Stored entries

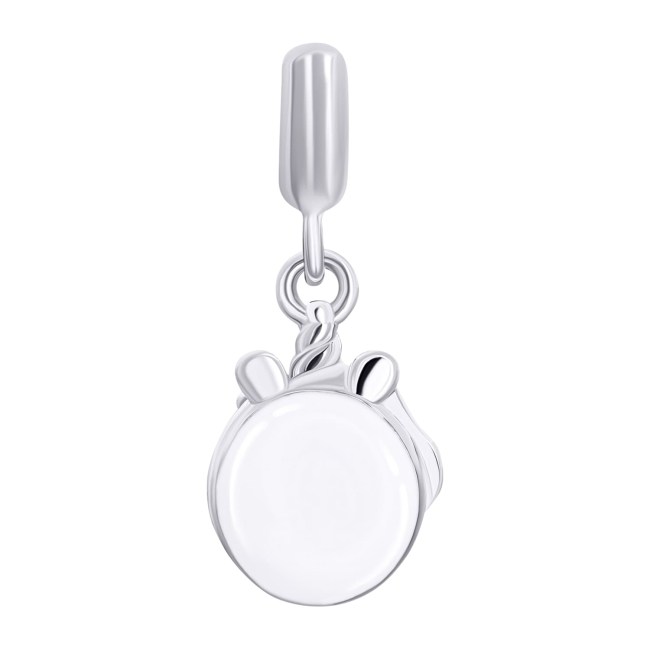 Ювелирные украшения - Кулон UmaUmi Единорожка с разноцветной эмалью (2210000018761)#3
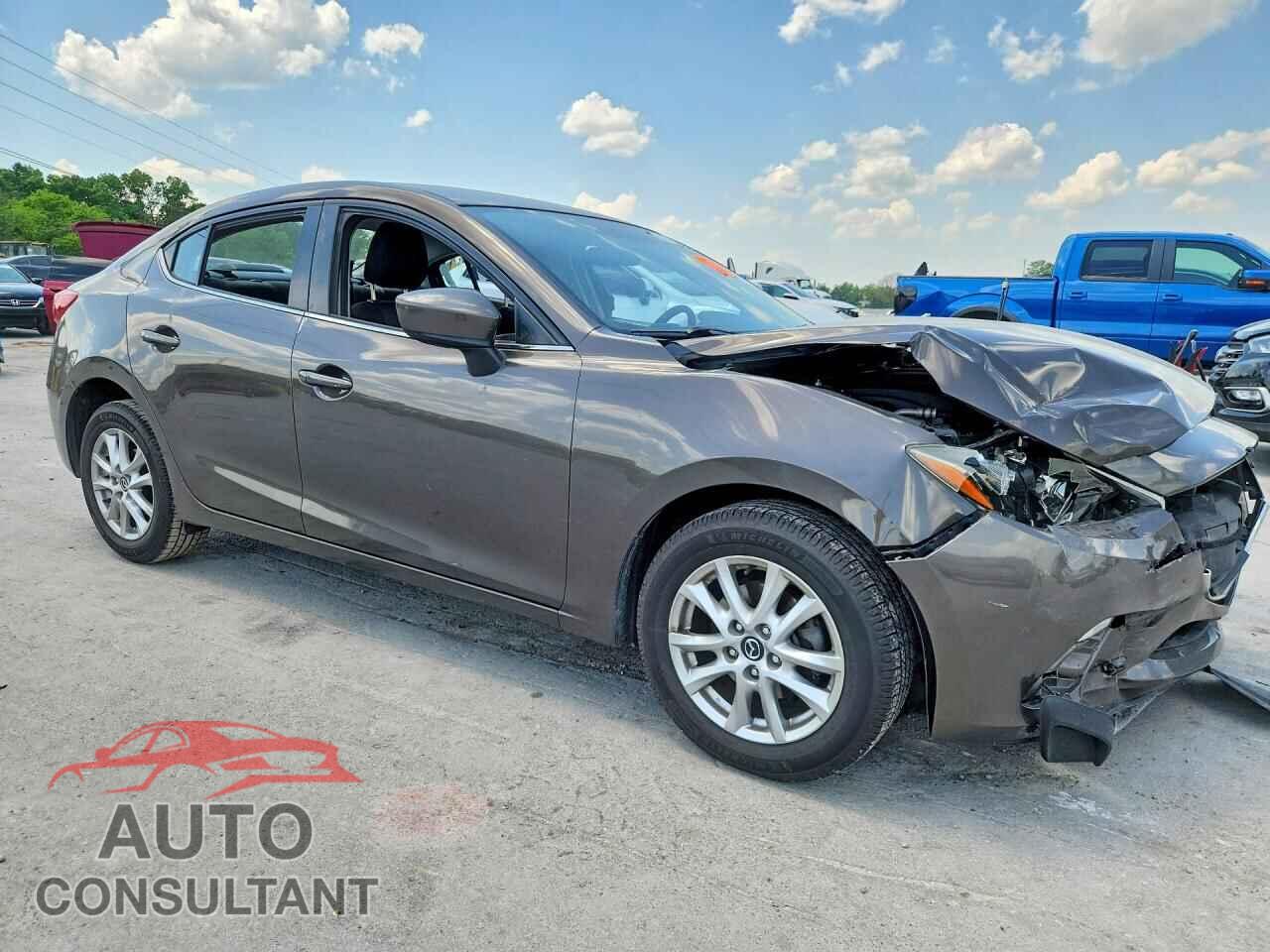 MAZDA 3 2014 - JM1BM1V73E1168497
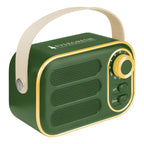 AWS Retro Boom FM Radio and Wireless Speaker Full Color - Pad Print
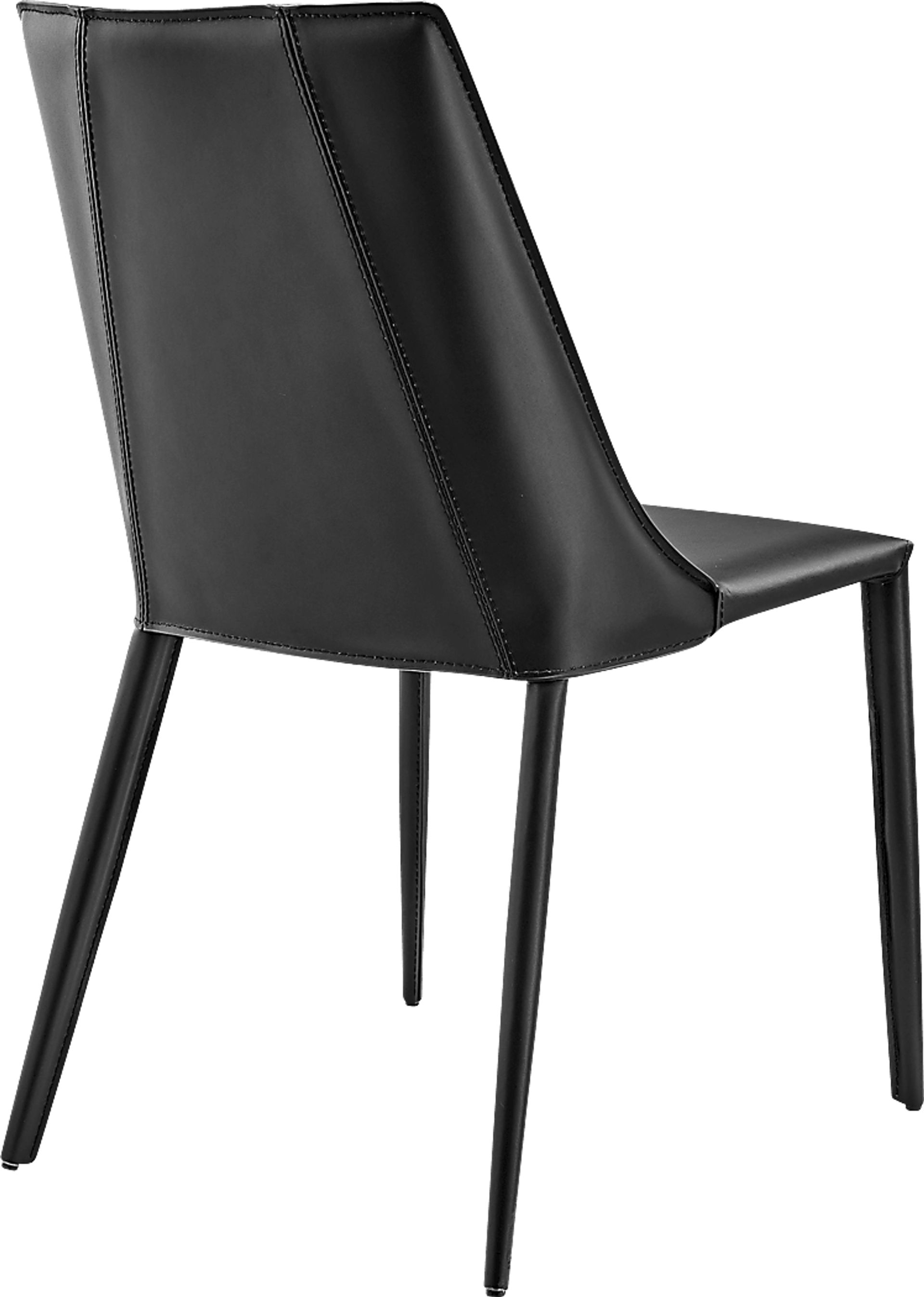 Monagin Black Side Chair - Image 3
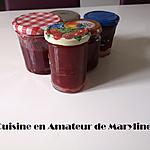 recette Confiture de cerises et vanille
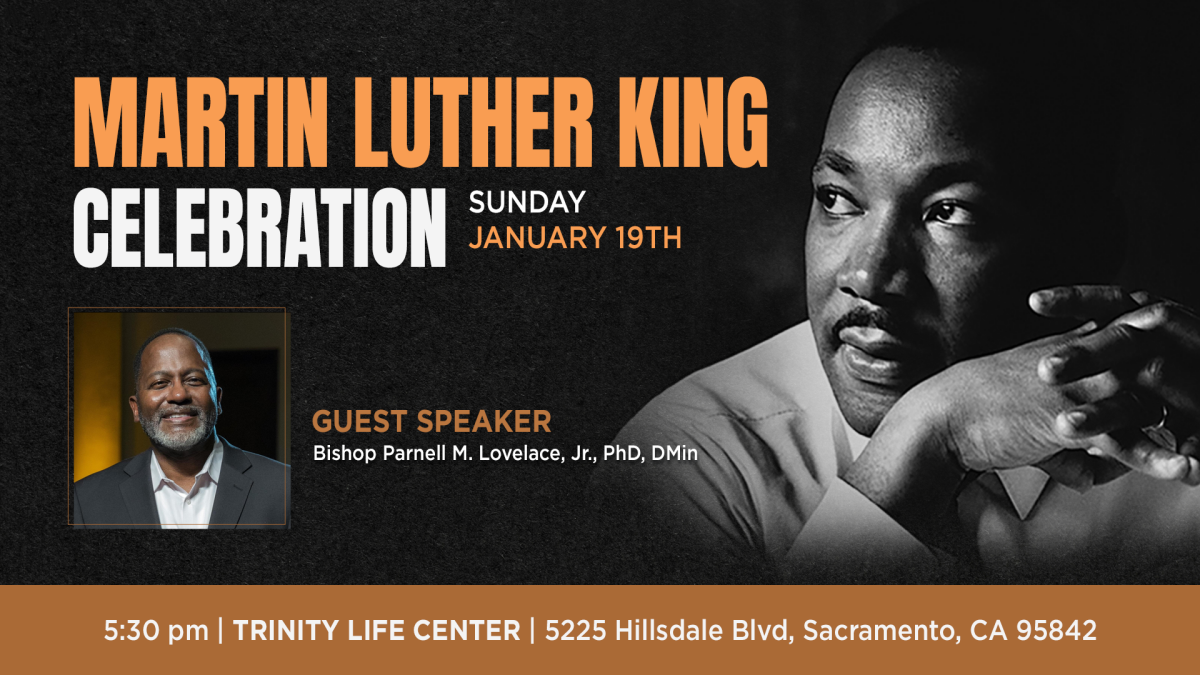 Martin Luther King, Jr., Celebration | Guest Speaker Bishop Lovelace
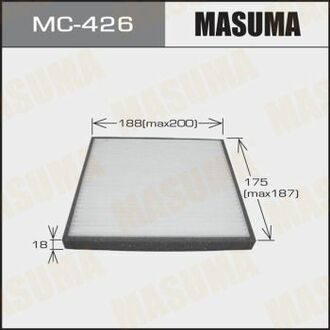 MC-426 MASUMA MC-426_фильтр салона!\ Mitsubishi Colt Plus 1.5 04>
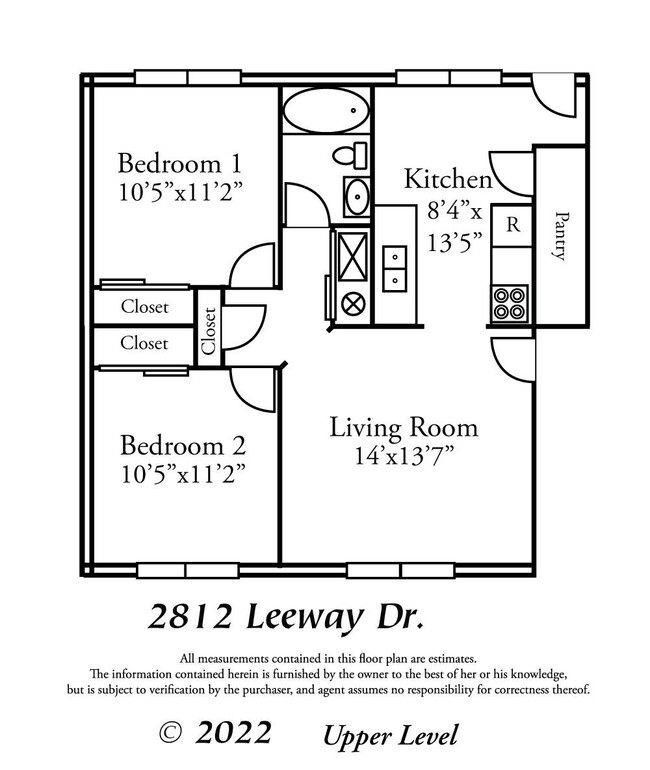 Foto del edificio - 2812 Leeway Dr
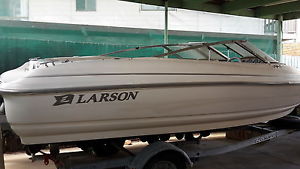 2001 Larson Bowrider 175T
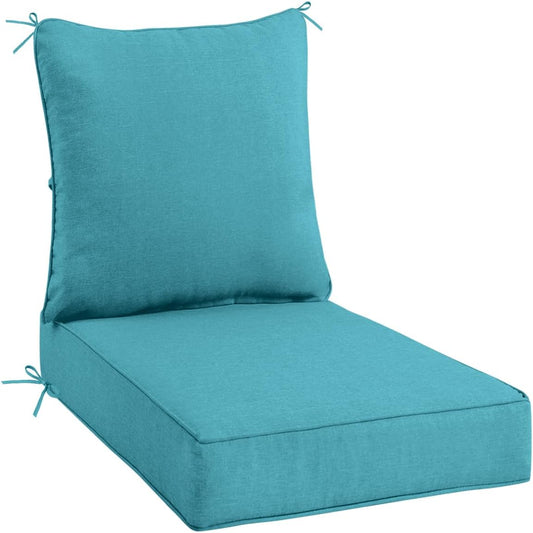 Cojin acolchado para silla o sillon, exteriores, impermeable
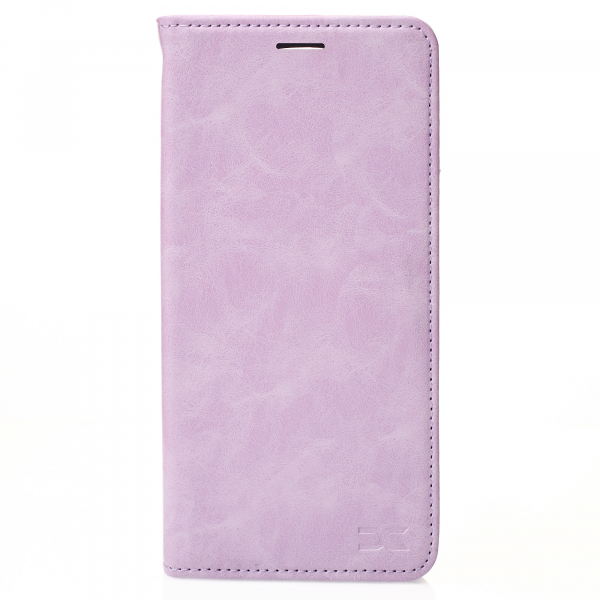 чехол-книга DC ELEGANT для Xiaomi Redmi Note 14 Pro Plus 5G сиреневый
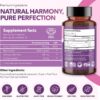 Intimate Rose Myo-Inositol & D-Chiro Inositol Supplement for Women - Hormone Balance & Ovarian Support for Women - Ideal 40:1 Ratio, Vitamin D3 + Ashwagandha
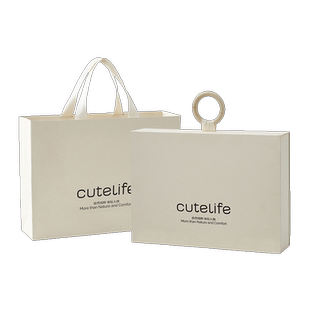 cutelife精致礼盒礼袋送礼必备包装多尺寸花式选择，不接受退换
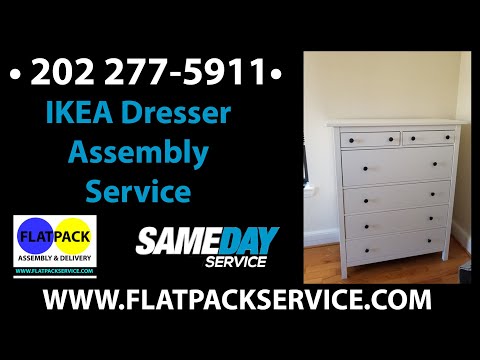 Ikea Hemnes 6 Drawer Dresser Assembled By Flatpack Assembly Www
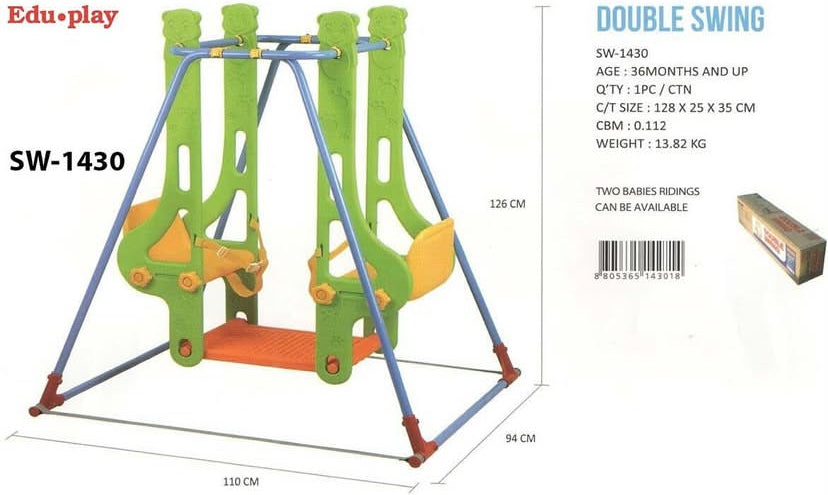 Edu Play Double Swing (SW-1430)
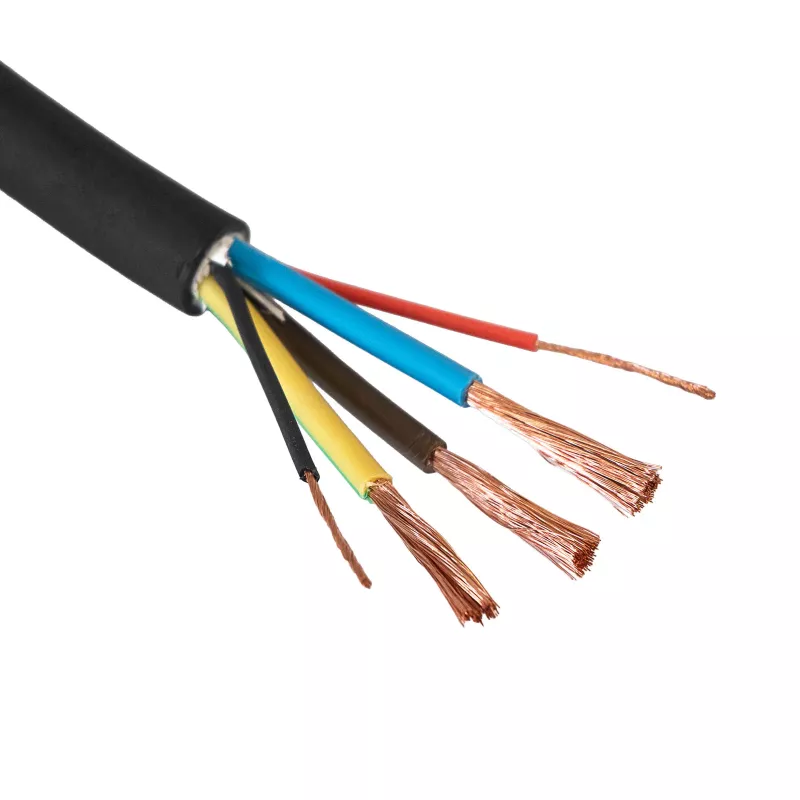 Akyga AK-SC-E24 cavo di ricarica EV 3 x 6 mm² + 2 x 0,75 mm², monofase, 32 A, 450/750 V, al metro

Directions:
From the line containing "Ikea Hemnes 6" to the last line of the entries, copy every line exactly, including both ends, and leave out the pictures.

Problem solution:
 Ikea Hemnes 6 Drawer Dresser Assembled By Flatpack Assembly Www
 Edu Play Double Swing (SW-1430)
 Akyga AK-SC-E24 cavo di ricarica EV 3 x 6 mm² + 2 x 0,75 mm², monofase, 32 A, 450/750 V, al metro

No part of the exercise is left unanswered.